(Stored dataset items)
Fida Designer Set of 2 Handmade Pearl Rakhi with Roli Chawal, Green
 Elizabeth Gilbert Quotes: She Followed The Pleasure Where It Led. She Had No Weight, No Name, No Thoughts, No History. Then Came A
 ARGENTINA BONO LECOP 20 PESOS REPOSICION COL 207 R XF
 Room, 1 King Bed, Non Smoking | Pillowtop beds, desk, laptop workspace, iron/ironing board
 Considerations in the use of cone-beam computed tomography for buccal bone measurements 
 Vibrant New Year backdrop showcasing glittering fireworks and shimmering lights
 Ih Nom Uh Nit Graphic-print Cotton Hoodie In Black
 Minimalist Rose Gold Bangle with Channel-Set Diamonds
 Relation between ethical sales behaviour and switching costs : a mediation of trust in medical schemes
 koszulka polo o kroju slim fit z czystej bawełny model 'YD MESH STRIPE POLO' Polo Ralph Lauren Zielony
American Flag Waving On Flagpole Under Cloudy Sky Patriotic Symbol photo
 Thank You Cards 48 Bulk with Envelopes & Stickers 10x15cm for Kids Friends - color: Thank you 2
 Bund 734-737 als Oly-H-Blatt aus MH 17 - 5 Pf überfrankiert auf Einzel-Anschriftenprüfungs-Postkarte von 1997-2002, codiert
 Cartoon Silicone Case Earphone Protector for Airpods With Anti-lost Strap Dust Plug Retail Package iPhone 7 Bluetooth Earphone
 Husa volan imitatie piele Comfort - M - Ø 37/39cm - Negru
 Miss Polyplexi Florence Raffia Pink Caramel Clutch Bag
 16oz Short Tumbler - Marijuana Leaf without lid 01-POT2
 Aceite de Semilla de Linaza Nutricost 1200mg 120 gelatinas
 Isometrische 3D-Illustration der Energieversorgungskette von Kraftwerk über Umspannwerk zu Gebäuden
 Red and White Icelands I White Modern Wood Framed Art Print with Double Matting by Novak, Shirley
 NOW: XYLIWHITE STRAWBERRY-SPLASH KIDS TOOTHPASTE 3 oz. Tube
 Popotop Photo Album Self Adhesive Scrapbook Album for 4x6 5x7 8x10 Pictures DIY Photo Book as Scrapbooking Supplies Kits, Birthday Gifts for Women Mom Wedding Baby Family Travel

- Exercise aim -
Your response should consist of the records, printed exactly.

- Result of this exercise -
Fida Designer Set of 2 Handmade Pearl Rakhi with Roli Chawal, Green
 Elizabeth Gilbert Quotes: She Followed The Pleasure Where It Led. She Had No Weight, No Name, No Thoughts, No History. Then Came A
 ARGENTINA BONO LECOP 20 PESOS REPOSICION COL 207 R XF
 Room, 1 King Bed, Non Smoking | Pillowtop beds, desk, laptop workspace, iron/ironing board
 Considerations in the use of cone-beam computed tomography for buccal bone measurements 
 Vibrant New Year backdrop showcasing glittering fireworks and shimmering lights
 Ih Nom Uh Nit Graphic-print Cotton Hoodie In Black
 Minimalist Rose Gold Bangle with Channel-Set Diamonds
 Relation between ethical sales behaviour and switching costs : a mediation of trust in medical schemes
 koszulka polo o kroju slim fit z czystej bawełny model 'YD MESH STRIPE POLO' Polo Ralph Lauren Zielony
American Flag Waving On Flagpole Under Cloudy Sky Patriotic Symbol photo
 Thank You Cards 48 Bulk with Envelopes & Stickers 10x15cm for Kids Friends - color: Thank you 2
 Bund 734-737 als Oly-H-Blatt aus MH 17 - 5 Pf überfrankiert auf Einzel-Anschriftenprüfungs-Postkarte von 1997-2002, codiert
 Cartoon Silicone Case Earphone Protector for Airpods With Anti-lost Strap Dust Plug Retail Package iPhone 7 Bluetooth Earphone
 Husa volan imitatie piele Comfort - M - Ø 37/39cm - Negru
 Miss Polyplexi Florence Raffia Pink Caramel Clutch Bag
 16oz Short Tumbler - Marijuana Leaf without lid 01-POT2
 Aceite de Semilla de Linaza Nutricost 1200mg 120 gelatinas
 Isometrische 3D-Illustration der Energieversorgungskette von Kraftwerk über Umspannwerk zu Gebäuden
 Red and White Icelands I White Modern Wood Framed Art Print with Double Matting by Novak, Shirley
 NOW: XYLIWHITE STRAWBERRY-SPLASH KIDS TOOTHPASTE 3 oz. Tube
 Popotop Photo Album Self Adhesive Scrapbook Album for 4x6 5x7 8x10 Pictures DIY Photo Book as Scrapbooking Supplies Kits, Birthday Gifts for Women Mom Wedding Baby Family Travel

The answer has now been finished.